EXERCISE DATA:
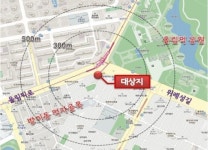지하철 8호선 몽촌토성역 일대 유휴지, 공공공지로 지정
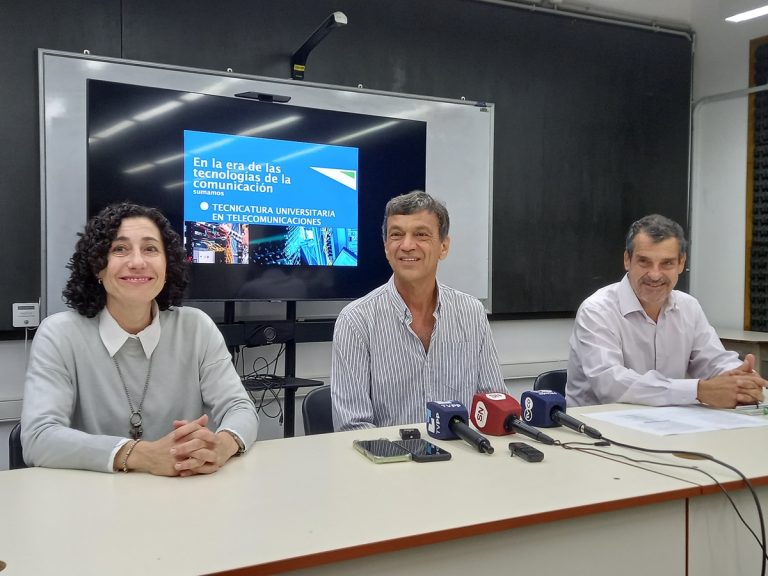 Una nueva carrera en la Facultad de Ingeniería: ya abrieron las inscripciones para la Tecnicatura en Telecomunicaciones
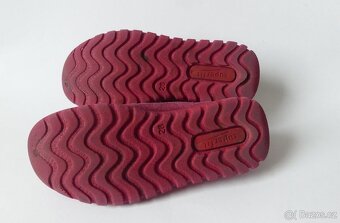 Dívčí botasky, růžové, Superfit, vel. 28 - 4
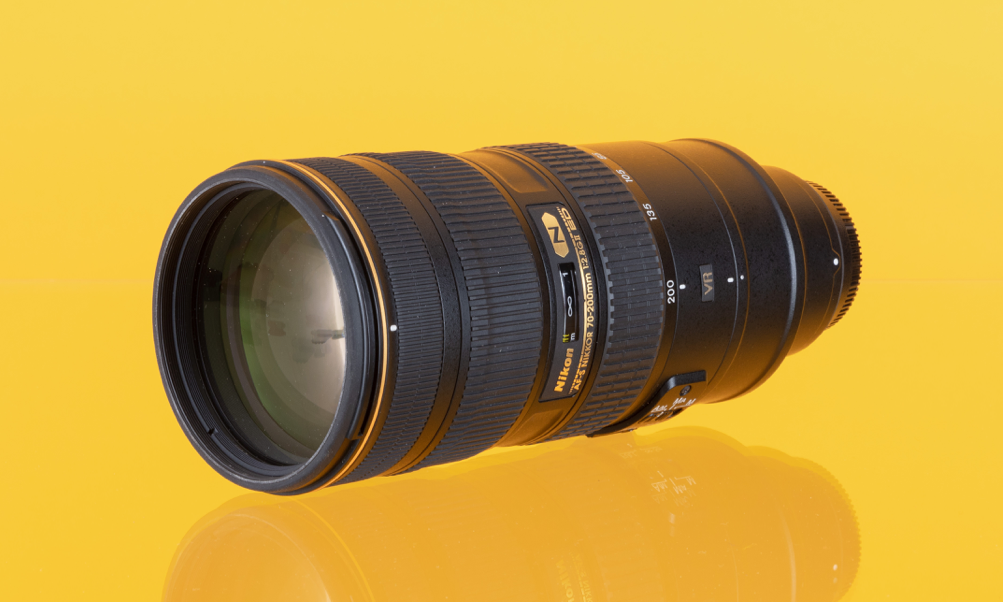 Nikon AF-S 70-200mm f-2.8G IF-ED VR II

REQUIRED ACTION: Each line above should be written out again exactly, without any image.

TASK OUTPUT:
지하철 8호선 몽촌토성역 일대 유휴지, 공공공지로 지정
 Una nueva carrera en la Facultad de Ingeniería: ya abrieron las inscripciones para la Tecnicatura en Telecomunicaciones
 Dívčí botasky, růžové, Superfit, vel. 28 - 4
 Nikon AF-S 70-200mm f-2.8G IF-ED VR II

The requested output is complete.